Warum wurde es für die Abgeordneten der Volksparteien so knapp? Und welche persönlichen Konsequenzen ziehen sie aus einer solchen Klatsche? stern TV hat Martin Patzelt und Markus Töns am Wahltag und zur Bekanntgabe der ersten Hochrechnungen mit der Kamera begleitet. Live in der Sendung hat Steffen Hallaschka mit Martin Patzelt über seinen speziellen Wahlkampf und die Schlussfolgerungen daraus gesprochen.

Kommentare (5)

  • sunnschein
    sunnschein
    Ganz klar die Abgeordneten der Volksparteien haben nicht nur gravierende Fehler gemacht sondern haben die Nöte ihres Volkes einfach über Jahre missachtet ....AfD wird sich meiner Meinung nach nicht besser um die Sorgen kümmern, wie auch....darum ging es den Wählern auch nicht....sondern dass der Protest des Volkes endlich gehört wird....da dies Jahrelang missachtet wurde...
  • sunnschein
    sunnschein
    Ich finde es traurig,dass den Wählern in Deutschland nichts anderes blieb als die Protestwahl....ähnlich war es vor Jahren schon mal mit den Piraten....und trotzdem haBen die Politiker in unserem Land nichts daraus gelernt....es ist tatsächlich die Gesellschaftliche Ungerechtigkeit in unserem Land....die Reichen werden immer reicher , die Armen immer armer....immer mehr Kinder gehen abends mit Hunger ins Bett...immer mehr Eltern sind durch doppelbelastungen, Arbeitslosigkeit und Zukunftsangst mehr belastet und nicht in der Lage sich um ihre Familie zu kümmern,....durch Zeitverzräge...die Ketten förmig gebildet werden und das Recht durch Arbeigeben ausgehebelt werden...sind junge Leute heutzutage nicht in der Lage Familien zu gründen...ganz zu schweigen, dass es keine Möglichkeit gesehen wird Kinder zu bekommen, die man Verantwortbewusst ernähren und erziehen kann....Bildung ist in unserem Land nicht gewährleistet.....
    ..............und da wundert man sich um die Wahlergebnisse ?!........Zuwanderung. ....Flüchtlinge. ....haben nur das Fass zum überlaufen ge racht....da unsere Gemeinden von der Regierung in Stich gelassen wurden....und nicht vernünftig und der Infrastruktur entsprechend verteilt wurden......

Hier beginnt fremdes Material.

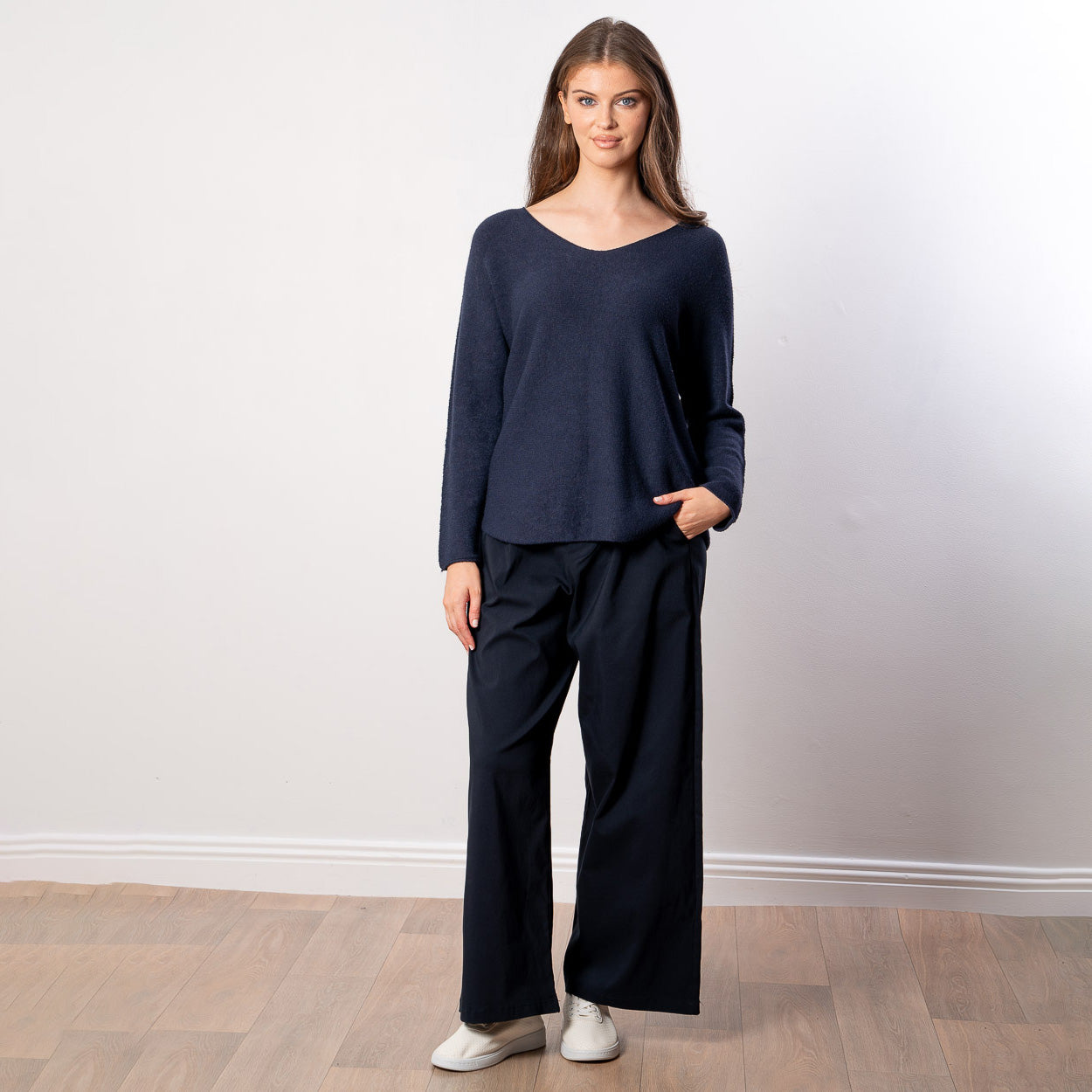 Kylie V Neck Jumper (Navy)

    ....zu Frankfurt an der Oder?...würde ich sagen....die sollten mal eine Zeitangaben mit Bürgern aus Recklinghausen dasWohnumfeld tauschen....dann würden sie,dass was sie haben auch zu schätzen wissen.......deren Unzufriedenheit. ..kann ich nur begrenzt verstehen ( der sogenannten Wutbürger).....die Recklinghauser, Duisburger...etc. kann ich jedoch verstehen....die sind alternatives von den Politikern in Stich gelassen....

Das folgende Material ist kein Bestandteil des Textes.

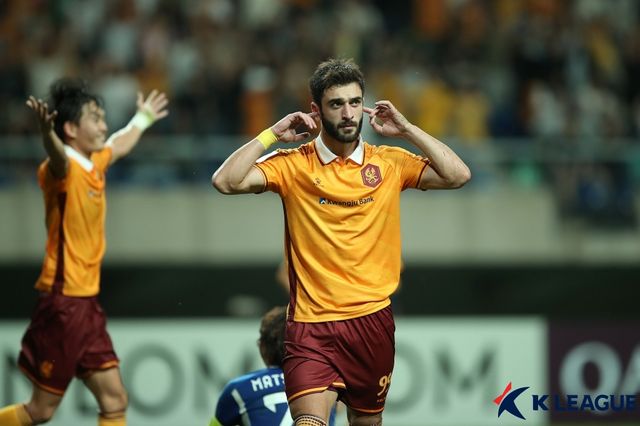 베카(광주FC 시절). 한국프로축구연맹 제공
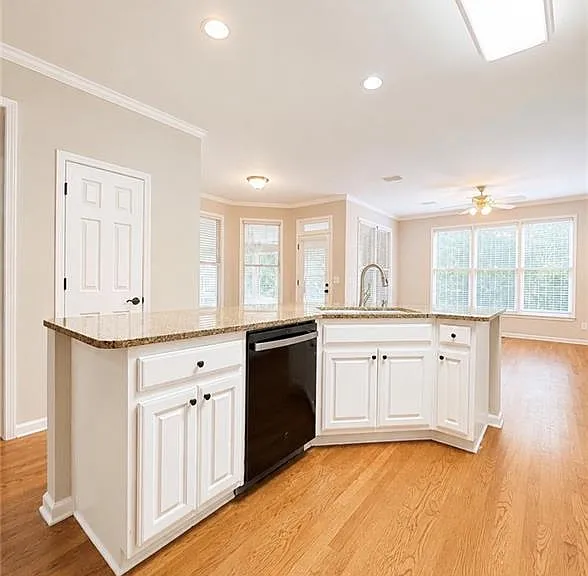 3235 Bentwood Close — Photo 17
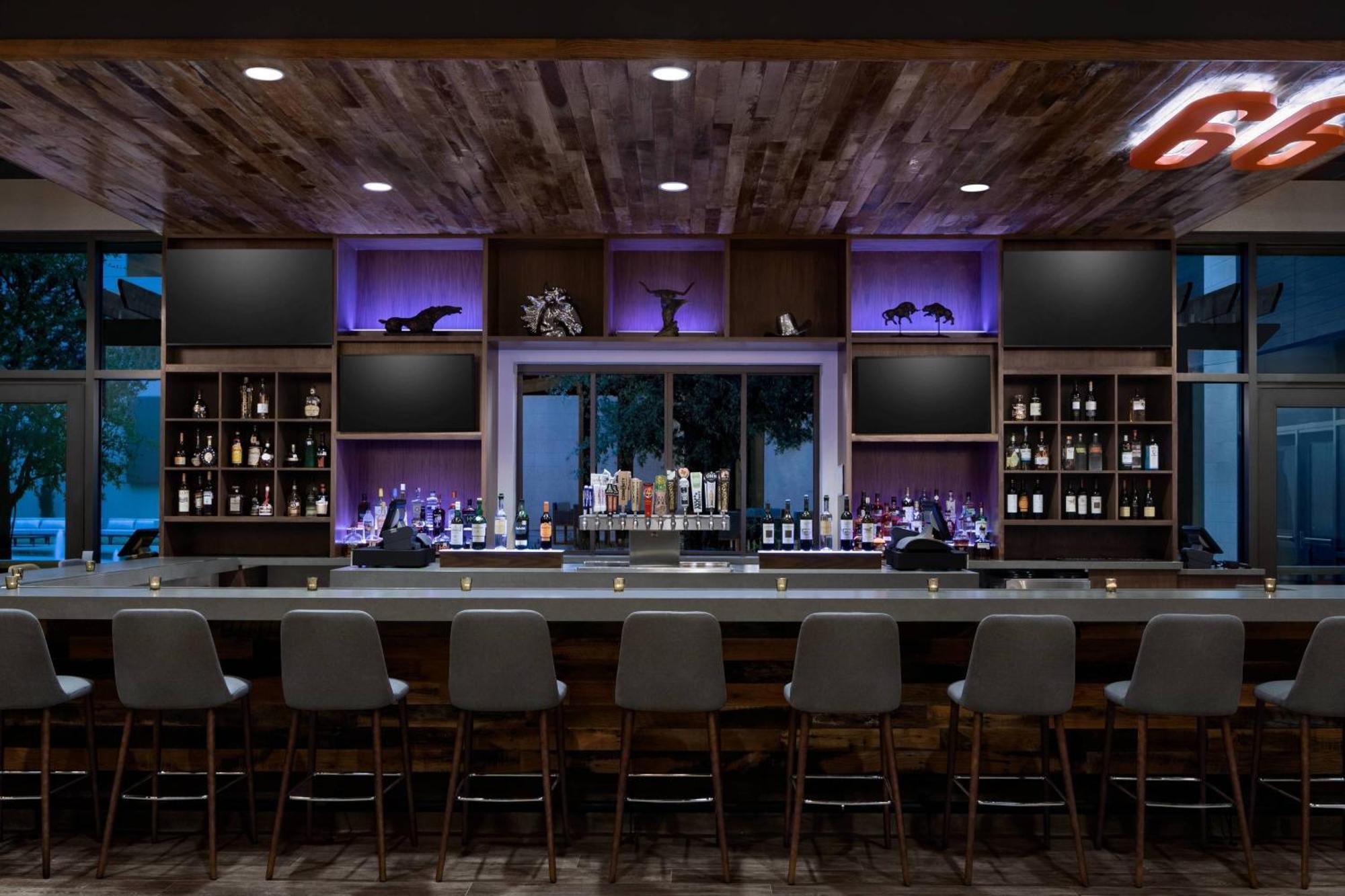 Marriott Dallas Allen Hotel & Convention Center Екстер'єр фото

    ....meine Meinung.....wenn sich nicht bald für sozialschwache was ändert, wird es nicht besser werden......es wird langsam Zeit.......bei anderen jedoch ist es jammern ohne Grund.....
  • HugoM
    HugoM
    Und dann kommt leider wieder die Ggegenreaktion aus dem Westen: bei so wenig Dankbarkeit können wir ja wieder eine Mauer bauen.
  • Volker Schmohl
    Volker Schmohl
    Es ist immer wieder erstaunlich, welche Diskrepanz zwischen Fernsehauftritt und Abgeordnetenalltag besteht.
    Wer die Vertretung seiner Wähler ablehnt , hat überhaupt kein Mandat verdient.
  • Volker Schmohl
    Volker Schmohl
    Ohne Reaktion des Abgeordneten, sprich keine Antwort!(2016)

    Sehr geehrter Herr Patzelt,

    sehr geehrter Herr Dr. Zaplata,


    besten Dank für die Darstellung Ihrer Ansicht. Ich möchte Sie zu einem Ortstermin einladen zur Wissensvertiefung, da einige Aussagen hier nicht geteilt werden können, wie zum Bsp. die Offenhaltung der Flußläufe. Vielleicht können Sie dann eine Kompromißlösung finden. Diese scheitert ja regelmäßig an der Gegenseite. Vielleicht zusammen mit der CDU-Landtagsfraktion. Von deren Seite wurde ja bereits mehrfach vermitteln versucht einen Kompromiß zu erreichen.